Dat automatisering bij de overheid niet in goede handen is, mag inmiddels een cliché genoemd worden.
Het stelsel van beveiligingscertificaten voor overheidswebsites was gecompromitteerd. Er ontstond een grote crisis, die de reputatie van de Staat als aanbieder van veilige websites voorlopig om zeep hielp. Maar ook gewone slordigheden zijn schering en inslag. Vorige week liet de minister van Financiën nog de vertrouwelijke Miljoenennota op internet uit zijn handen vallen. Foutje bij weer een andere dienstverlener.
Meteen daarna traden zeer ernstige problemen aan het licht met de beveiliging van de zogeheten DigiD. De Belastingdienst bleek niet te controleren of degene die met deze code rechtshandelingen verricht, wel is wie hij zegt te zijn. Pas toen bewoners van een hele straat ontdekten dat er door bedriegers huis aan huis spookaanvragen waren gedaan, kwam de fiscus in actie.
In eerste instantie werden de problemen per kerende post weer op de stoep van de burger gedeponeerd: dank dat u ons hebt gewezen op dit lek maar probeer vooral zelf het geld van de oplichters terug te krijgen. Dan kan de fiscus het namelijk bij u terugvorderen. Over deze houding merkt de Nationale Ombudsman terecht op dat hier een overheid probeert zijn stoepje schoon te vegen.

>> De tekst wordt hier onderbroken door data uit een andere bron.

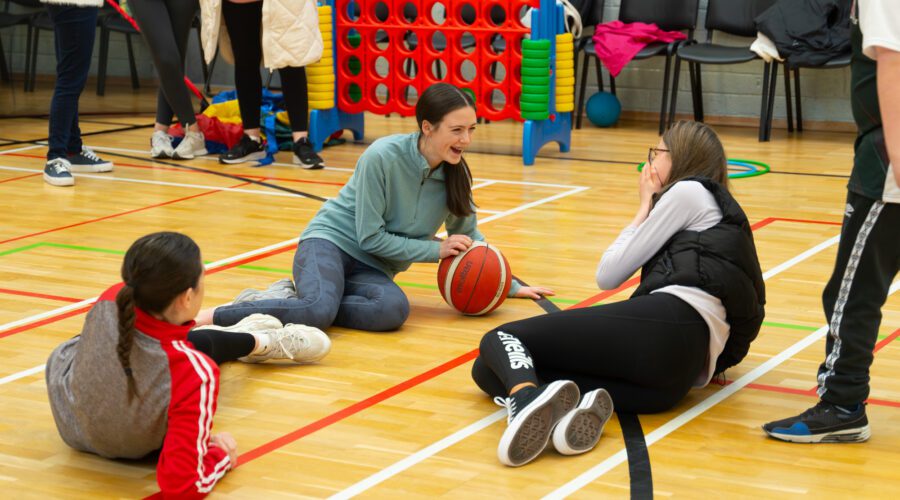 Three girls sit on floor of gym with basketball.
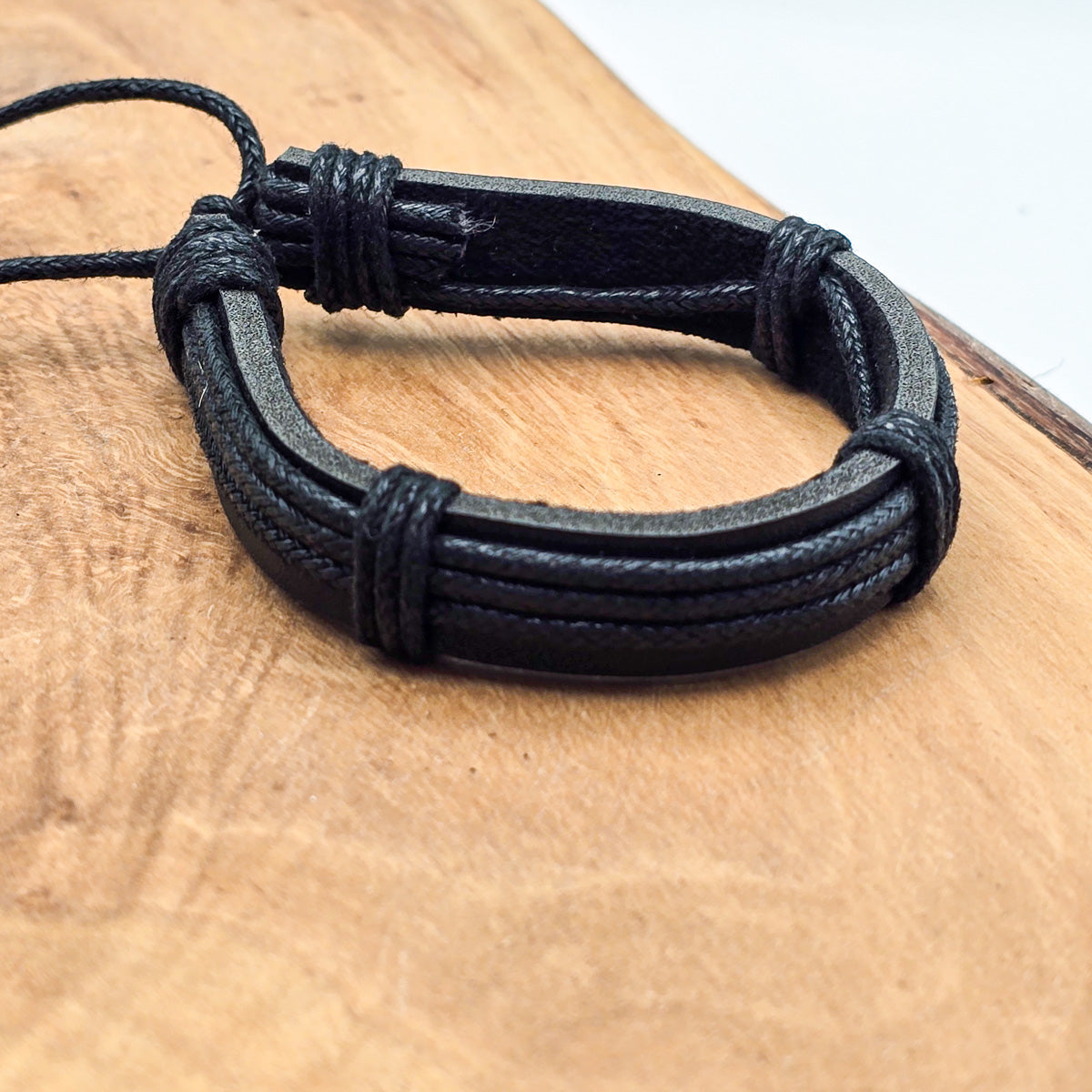 Detail of unisex leather bracelet on wood - refined craftsmanship black leather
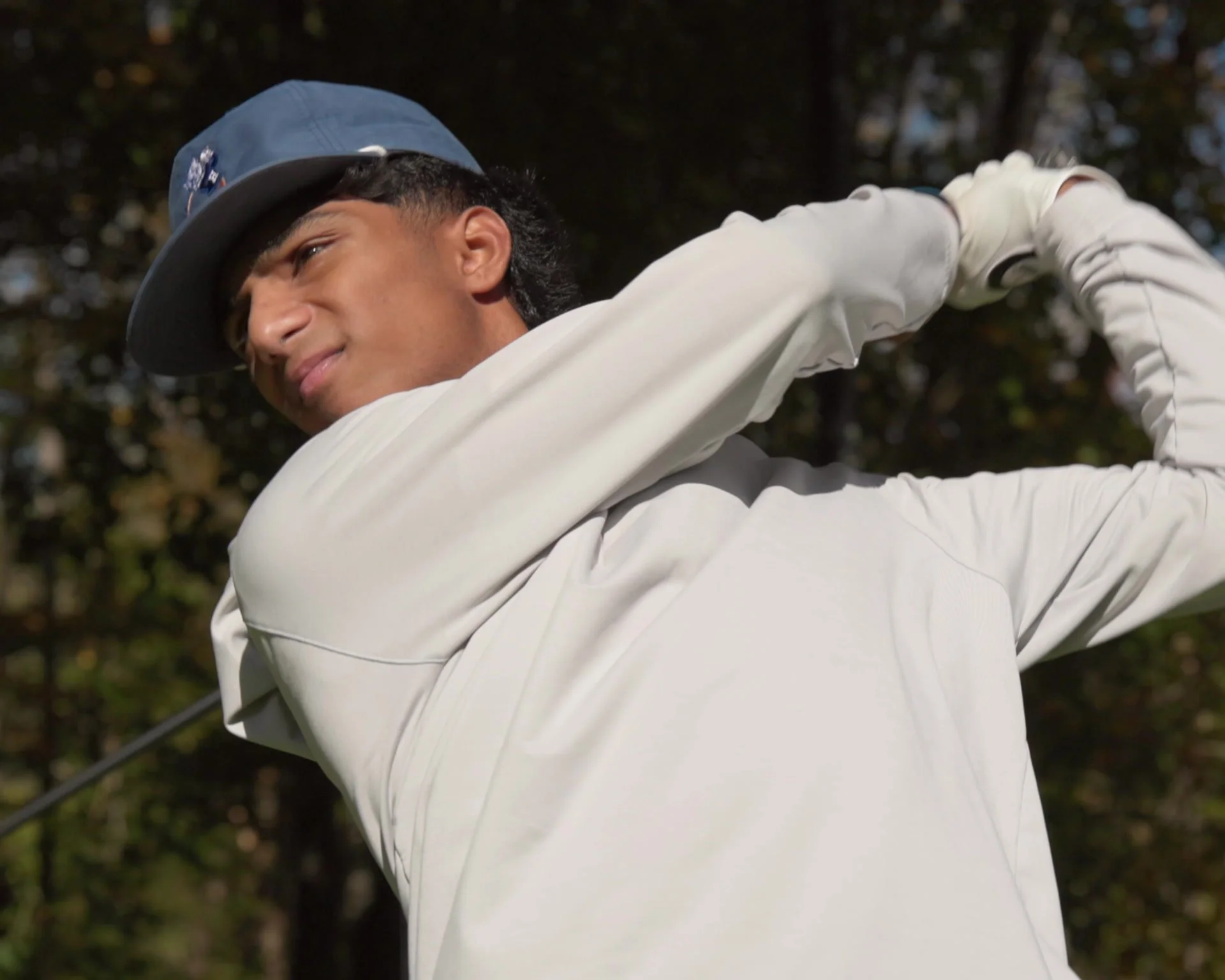 Arnav Rao finishing a golf swing on a Connecticut course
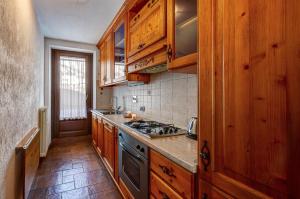 a kitchen with wooden cabinets and a stove top oven at CHALET PONTAL 3 - Relax e vista sulle montagne - COUR 0142 in Courmayeur
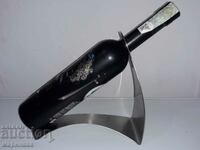 BOTTLE HOLDER. STAINLESS STEEL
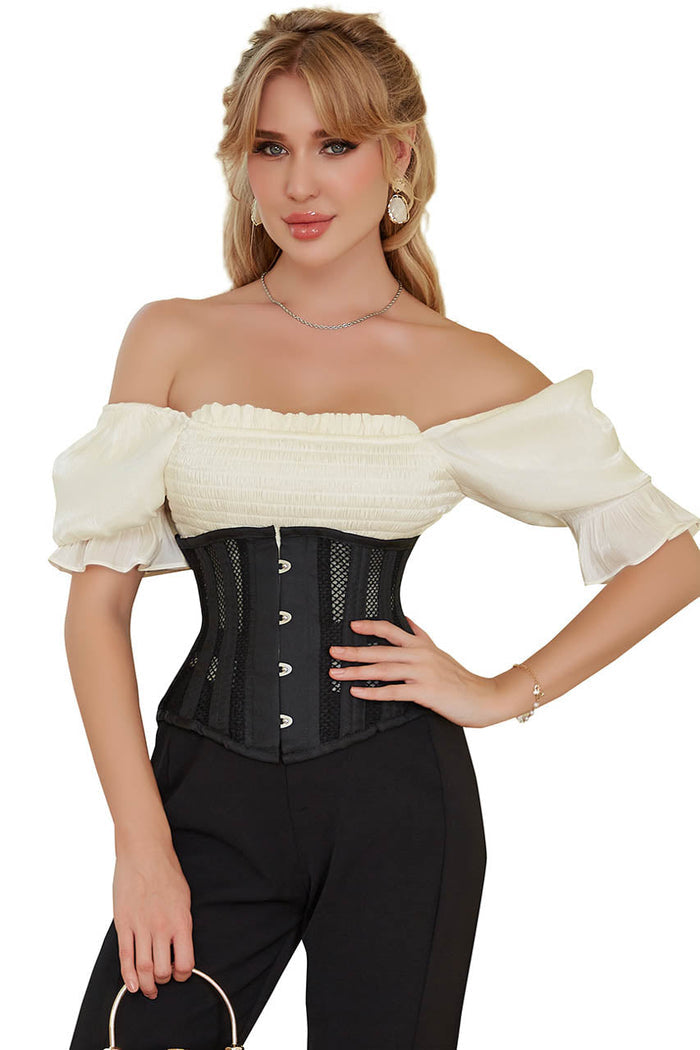 Woman wearing a black corset with a white off-shoulder top on a white background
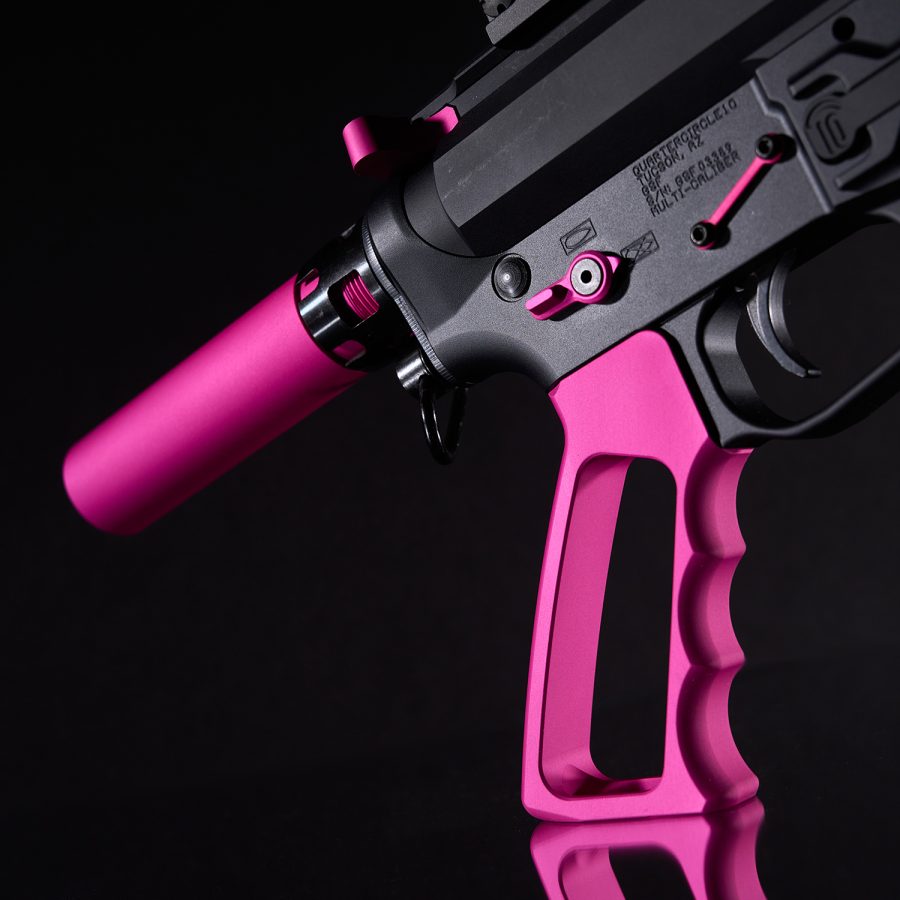 Custom AR-style firearm in matte black and hot pink against a black background.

Er is hier ten minste sprake van een grove schending van het vertrouwen dat de burger in de overheid mag hebben. Voorlopig heeft het Rijk de schijn tegen. De DigiD was helemaal niet ‘geheel privé’, zoals de site meldt, maar een gat in de dijk: een rondslingerend blanco chequeboek. Het was Tafeltje dek je, ezeltje strek je rechtstreeks uit de schatkist. Is er nog iemand in bestuurlijk Den Haag die een beetje oplet?